If you need help designing a sunset policy for your specific audience and sending patterns, schedule a consultation — I'll build a sunset framework that maximizes re-engagement recovery while protecting your reputation.
Sources
- Gmail: Bulk Sender Requirements
- Validity: Re-engagement Campaign Best Practices
- M3AAWG: List Hygiene Best Practices
- Klaviyo: Sunset Flow Documentation
v1.0 · March 2026
Frequently Asked Questions
What is an email sunset policy?
A documented rule defining when you stop sending email to inactive subscribers. It typically includes engagement thresholds (no opens/clicks for X days), a re-engagement phase (win-back campaign), and a removal timeline (permanent suppression after Y days of inactivity).

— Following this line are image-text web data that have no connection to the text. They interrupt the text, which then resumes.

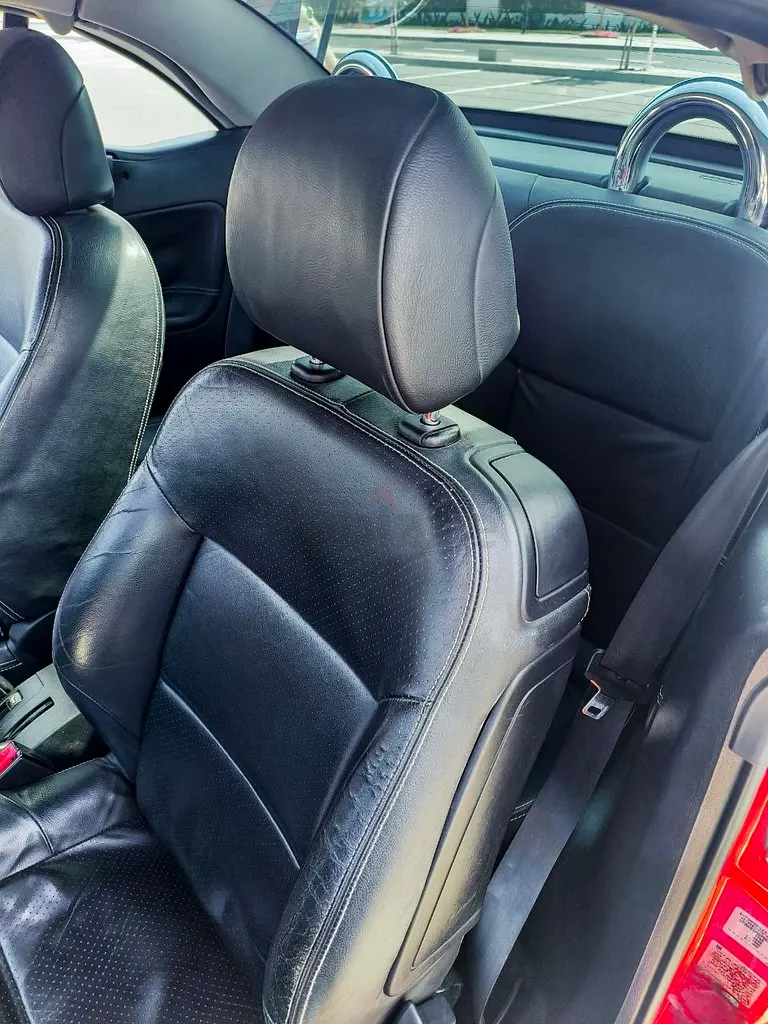 Car - Image 13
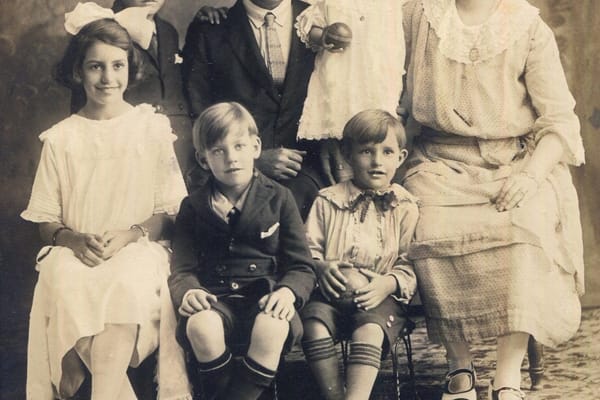 Featured photo of Alice Persyn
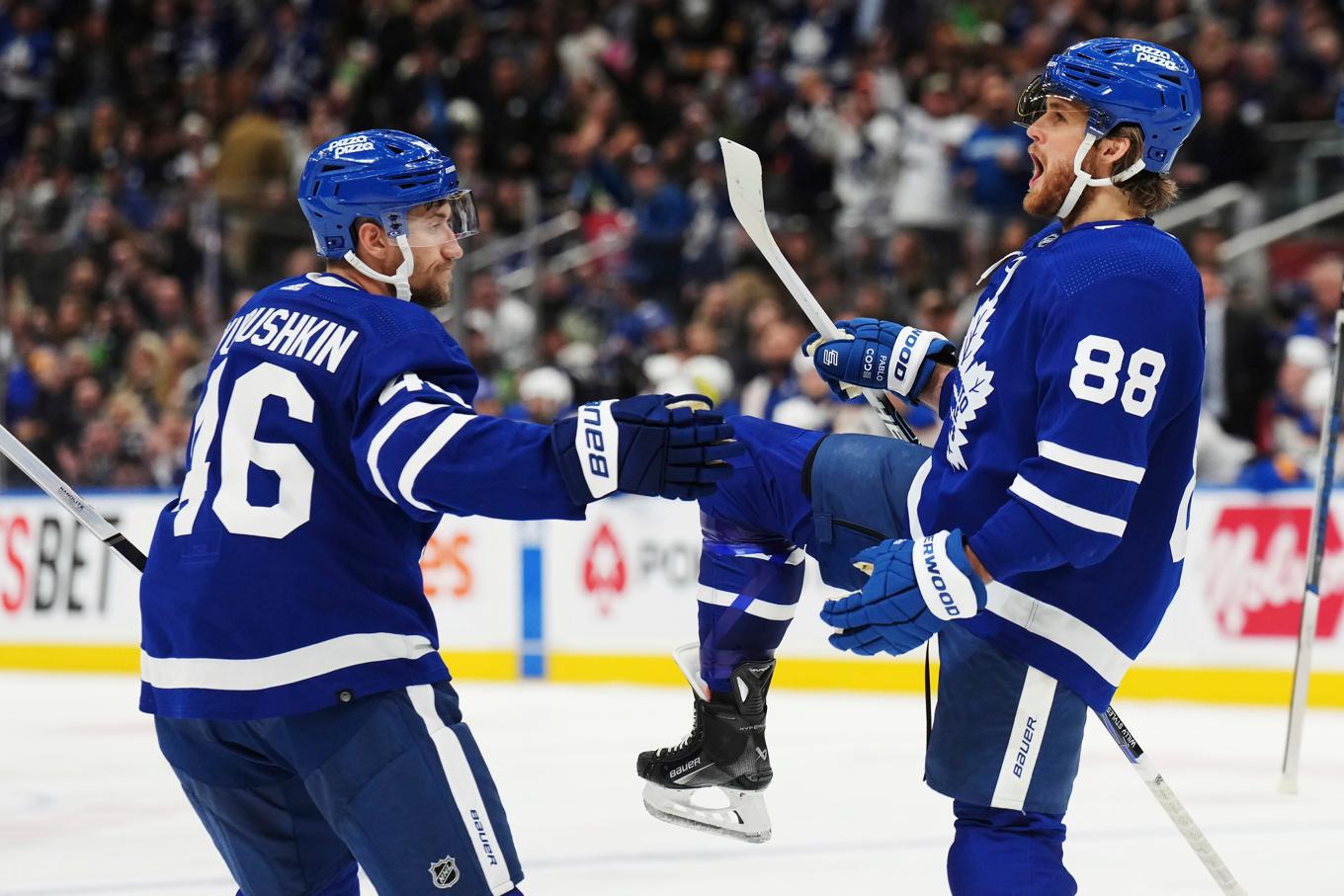 Torontos forward William Nylander (till höger) firar sitt mål mot Buffalo. Foto: Nathan Denette/AP/TT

When should you sunset email subscribers?
Start the sunset process at 90 days of inactivity (no opens or clicks). Run a re-engagement campaign. If no engagement after 14-30 days of re-engagement, suppress from all sending. Remove from list entirely after 180 days of total inactivity.
Won't sunsetting reduce my list size?
Yes, and that's the point. A smaller list of engaged subscribers outperforms a larger list of mixed engagement. Sending to 50,000 engaged subscribers delivers better results than sending to 100,000 where 50,000 never open. The engaged list has better inbox placement, higher open rates, and generates more revenue per send.